[RECORDED INFORMATION]
-=-=-

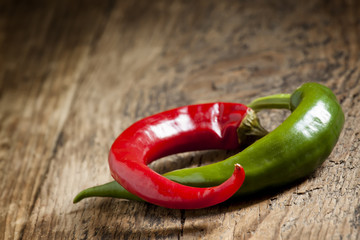 Red and green chili peppers, selective focus
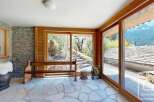 Experience the charm of this stunning property, featuring a beautifully designed interior with natural stone flooring and wooden accents.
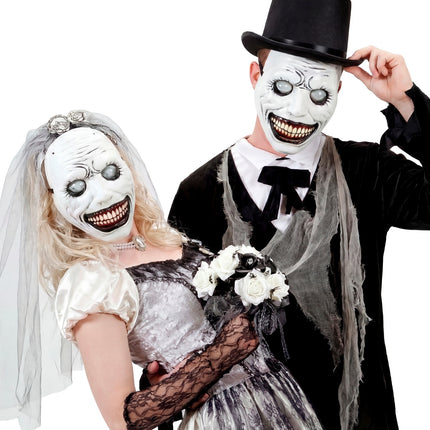 Twee grijnzende monstermaskers met grijze bolle ogen bij een griezelig bruidspaar op Halloween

-=-=-

[REQUIREMENT] Your copy must begin at the line containing "Experience the charm" and end at the last line of the material above. Reproduce each line exactly, but not the pictures.

[TASK RESULT]
 Experience the charm of this stunning property, featuring a beautifully designed interior with natural stone flooring and wooden accents.
 Twee grijnzende monstermaskers met grijze bolle ogen bij een griezelig bruidspaar op Halloween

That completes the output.